Leia a íntegra da fala de Mauro Vieira sobre a situação na Faixa de Gaza

Mauro Vieira: "Na visão do Brasil, os principais objetivos estão claros: a libertação imediata e incondicional de todos os reféns e o fim da violência, (...) para que a ajuda humanitária possa ser entregue à sofrida população de Gaza" Foto: Lula Marques/Agência Brasil-Arquivo

Leia a seguir a intervenção feita pelo ministro das Relações Exteriores, embaixador Mauro Vieira, em reunião emergencial do Conselho de Segurança das Nações Unidas sobre a situação na Faixa de Gaza, realizada em Nova York, na última segunda-feira (30).

Ilustres representantes,

Agradeço os relatores pela vasta informação sobre a situação humanitária no terreno e exalto o trabalho de suas equipes, tanto em campo quanto em outros lugares. Eles honram, mais uma vez, o trabalho desta Organização e tudo o que ela representa.

Seguindo as instruções do Presidente Lula, venho diante dos Senhores novamente hoje com um profundo senso de urgência e consternação.

Devemos sempre ter em mente os rostos humanos de ambos os lados do conflito.

Expresso, portanto, as mais profundas condolências do Brasil às famílias e amigos de todos os civis, incluindo a equipe corajosa e dedicada das Nações Unidas, que perderam suas vidas nas crises em curso decorrentes do conflito prolongado em Israel e Palestina, tragicamente reacendido pelos atos terroristas do Hamas contra Israel em 7 de outubro. Nada justifica tais crimes. Todos os reféns devem ser imediata e incondicionalmente libertados, e o acesso a eles pela Cruz Vermelha deve ser imediatamente concedido.

Ao mesmo tempo, a situação atual em Gaza é assombrosa e indefensável, em qualquer padrão humano e segundo o direito humanitário internacional. Uma catástrofe humanitária alarmante desenrola-se diante de nossos olhos, com milhares de civis, incluindo um número avassalador e intolerável de crianças, sendo punidos por crimes que não cometeram. Em 3 semanas, testemunhamos esse conflito ceifar a vida de mais de 8 mil civis, dos quais mais de 3 mil são crianças. Desde a última vez que falei neste Conselho, na semana passada, o número de mortes de crianças aumentou em mil.

Enquanto isso, o Conselho de Segurança realiza reuniões e ouve discursos, sem ser capaz de tomar uma decisão fundamental: pôr fim ao sofrimento humano no terreno.

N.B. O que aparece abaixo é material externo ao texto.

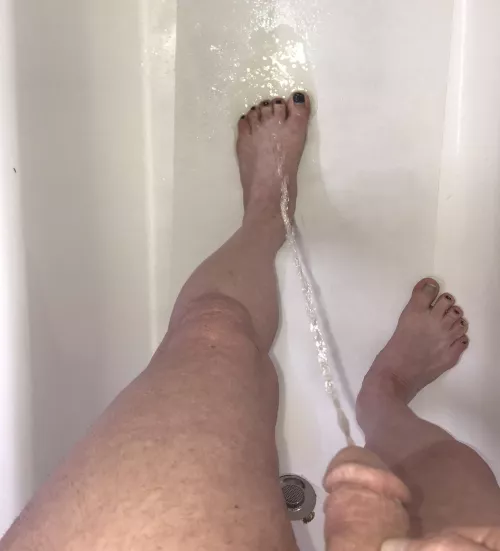 Warm Foot Massage 💦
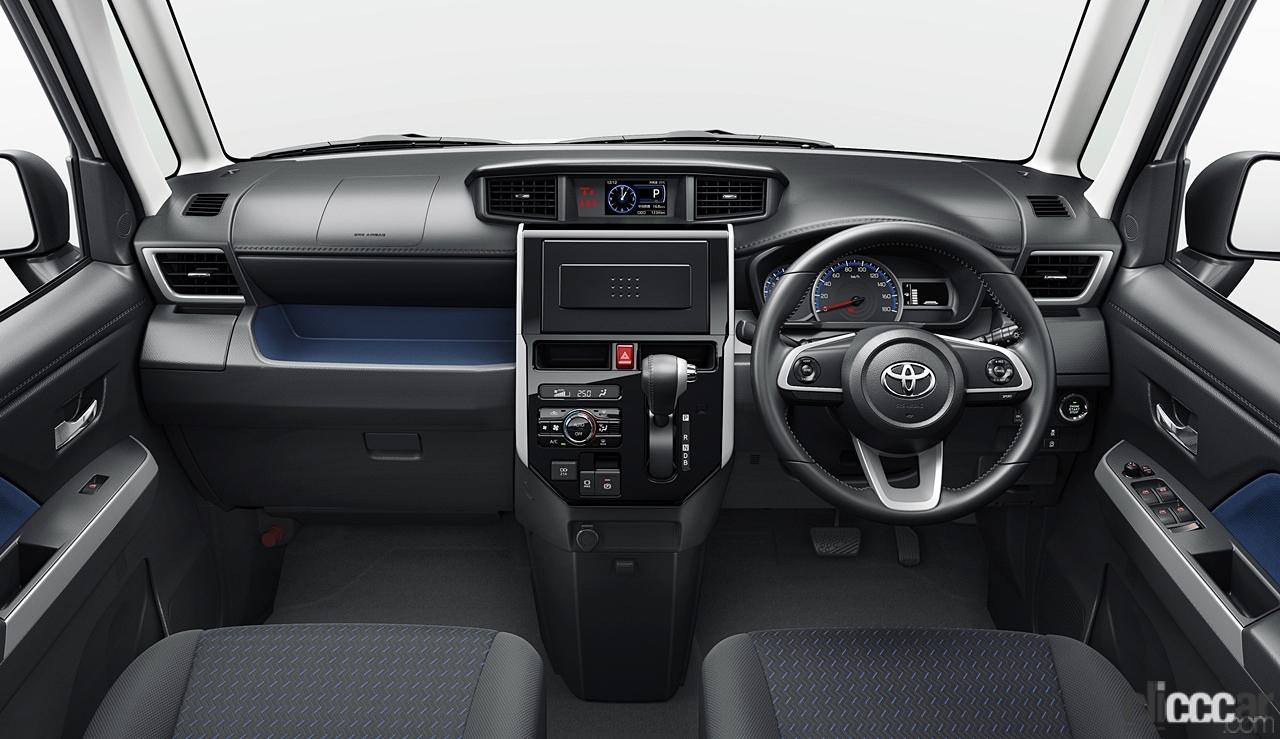 TOYOTA ROOMY e SMART HYBRID toyota-roomy-e-smart-hybrid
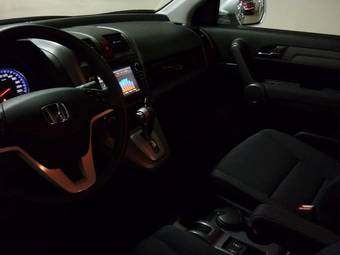 2008 Honda CR-V Wallpapers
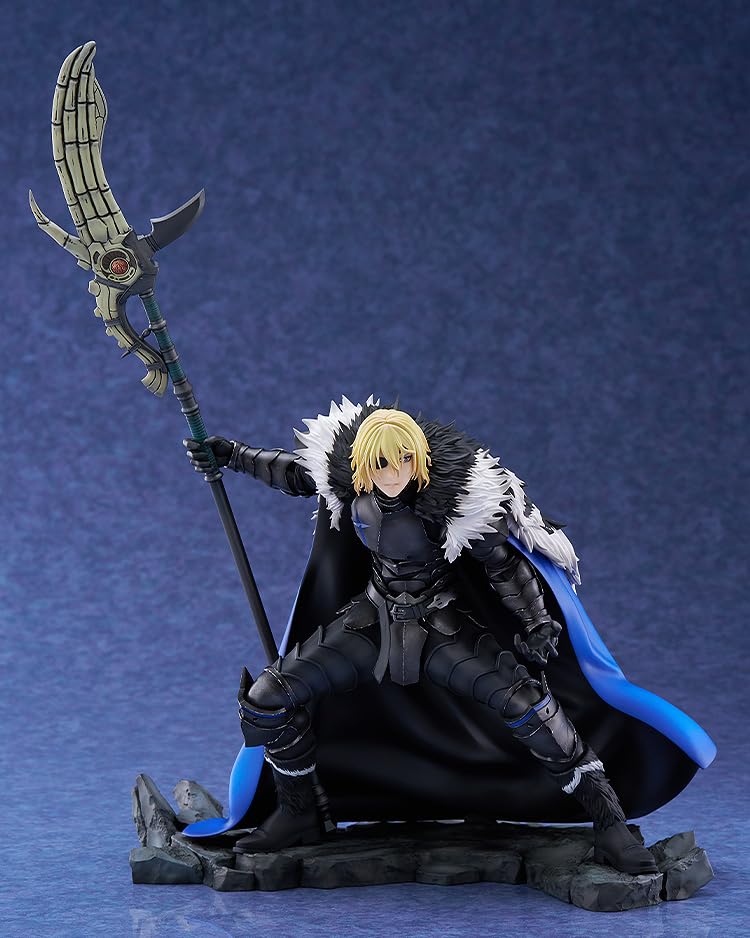 Fire Emblem Dimitri scale plastic painted finished figure 1/7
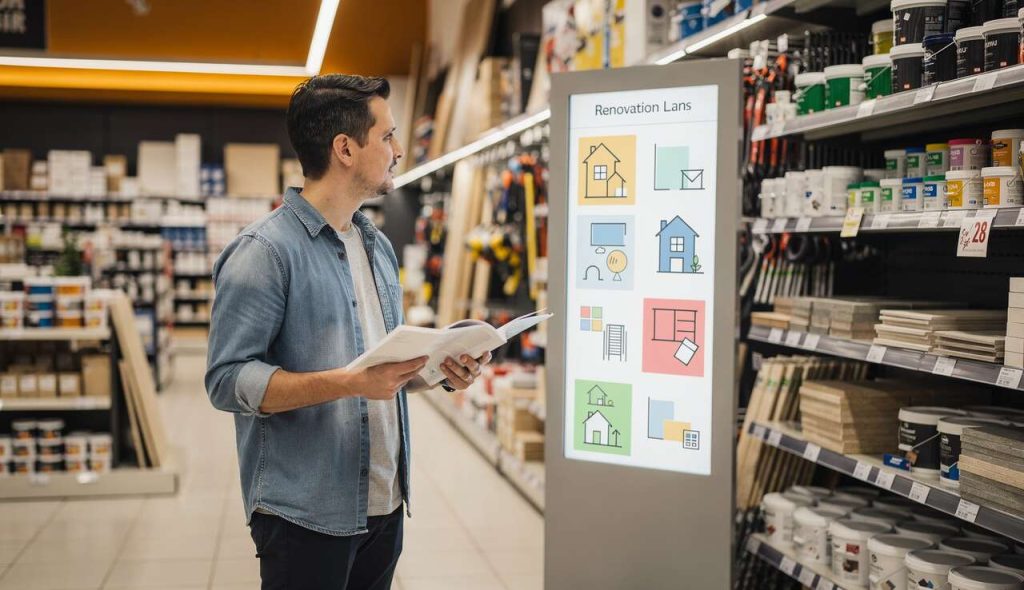 Les différents types de prêts travaux : guide complet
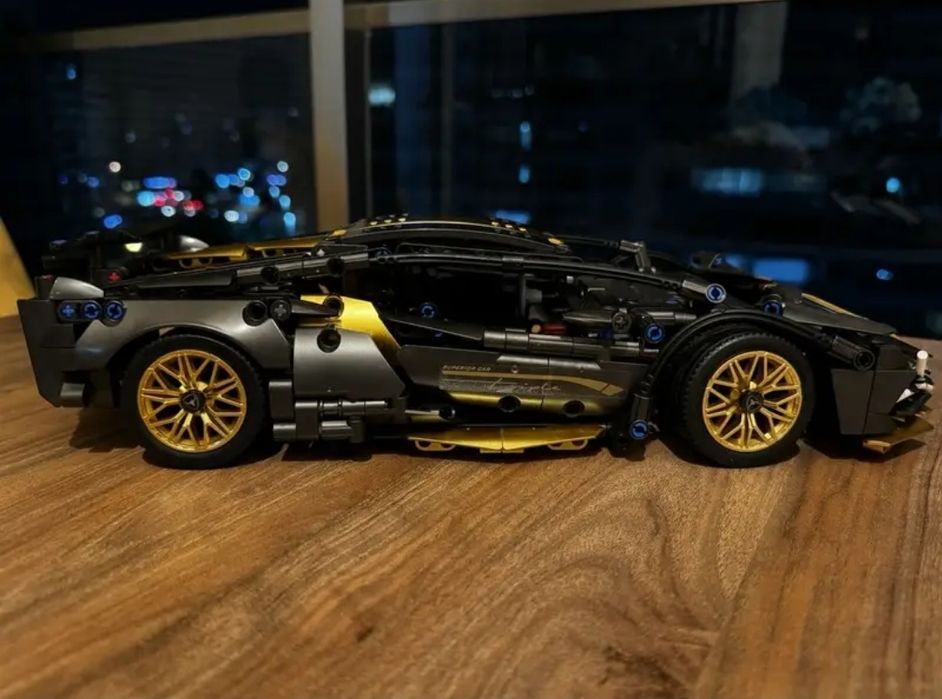 Конструктор машина Lamborghini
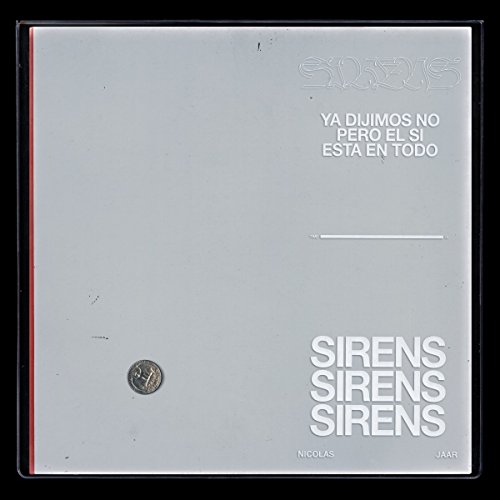 Nicolas Jaar - Sirens - Zortam Music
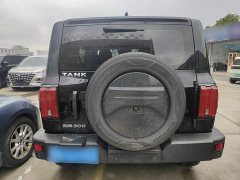Tank 300 Off-Road Edition 2.0T Challenger - photo 5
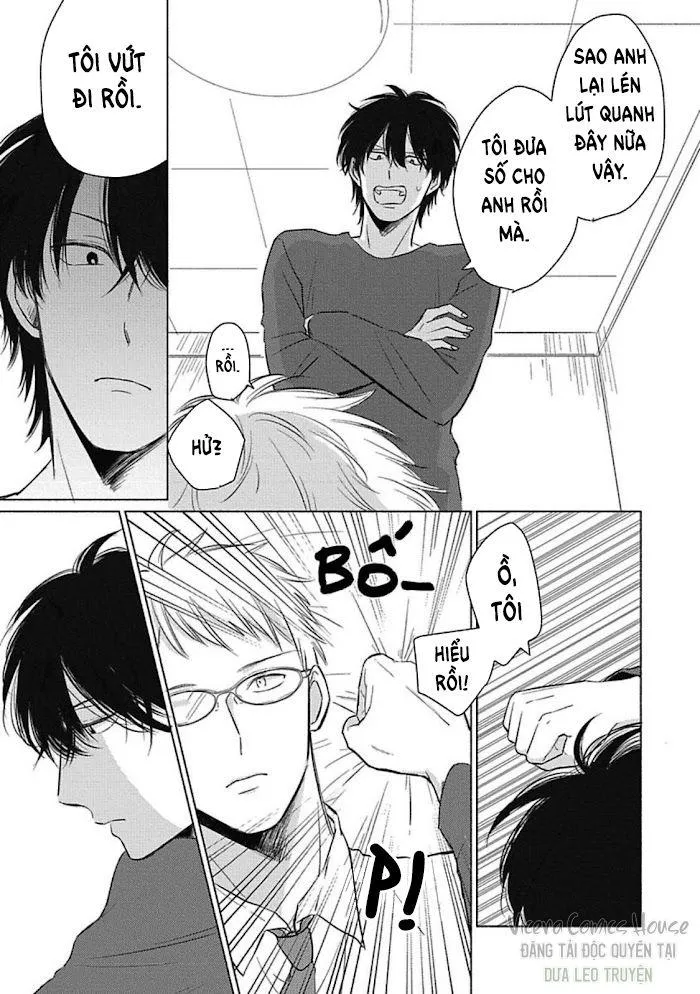 Are Ga Shitai, Kore Ga Hoshii Chapter 3 Trang 23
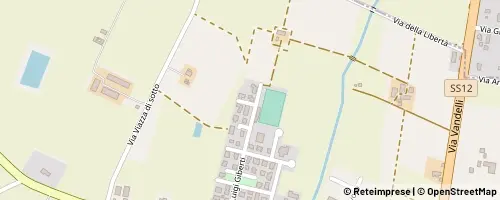 Mappa Formigine
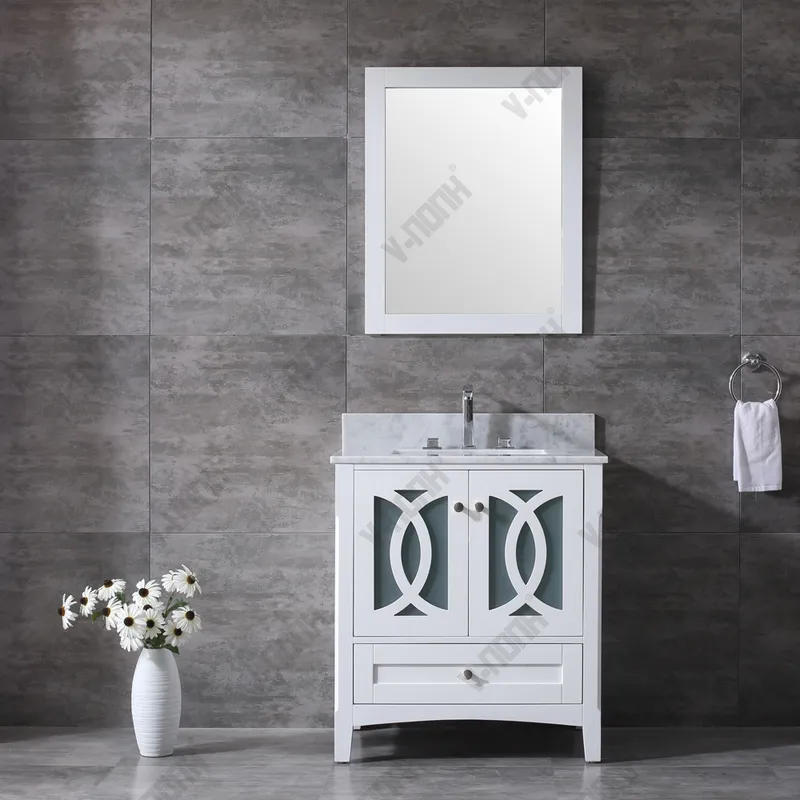 Best Bathroom Vanities for Small Bathrooms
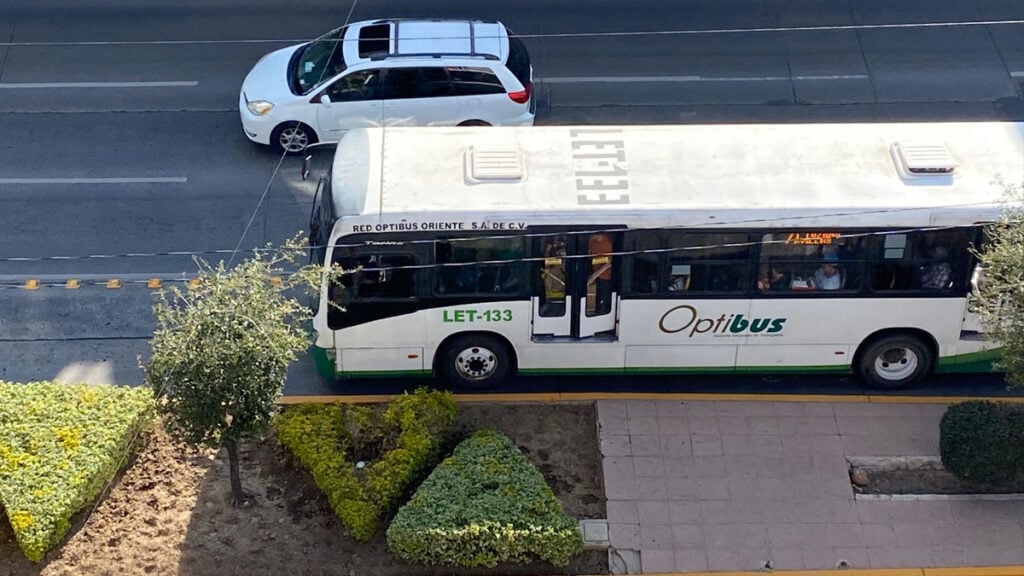 Camión Oruga Optibus SIT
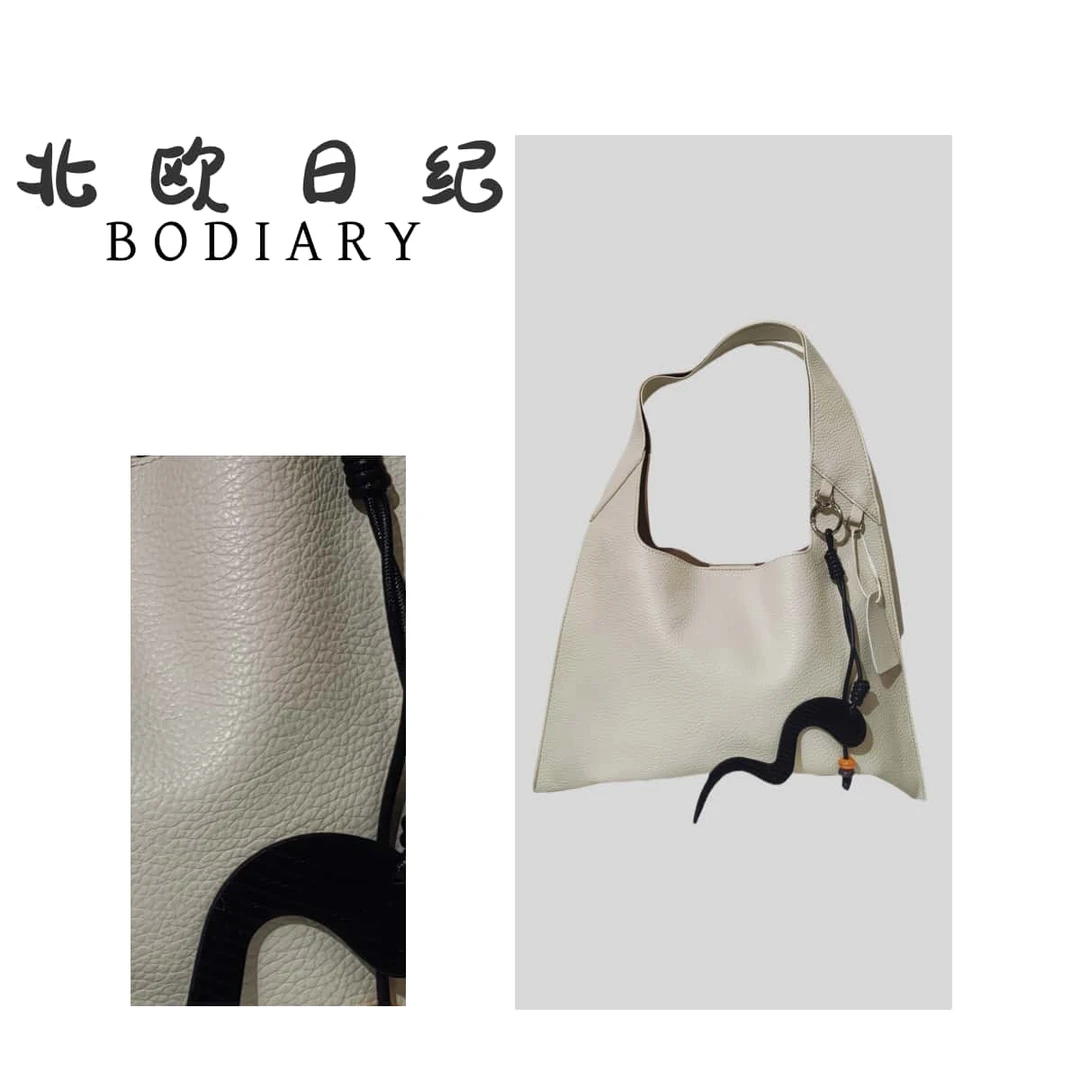 北欧日纪37295-经典百搭时尚手提包包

Enquanto milhares em Israel e Palestina choram por seus entes queridos, enquanto os israelenses agonizam com o destino dos reféns, enquanto os gazenses sofrem sob operações militares implacáveis que estão matando civis, incluindo um número intolerável de crianças, nós temos os meios para fazer algo e, ainda assim, repetida e vergonhosamente falhamos.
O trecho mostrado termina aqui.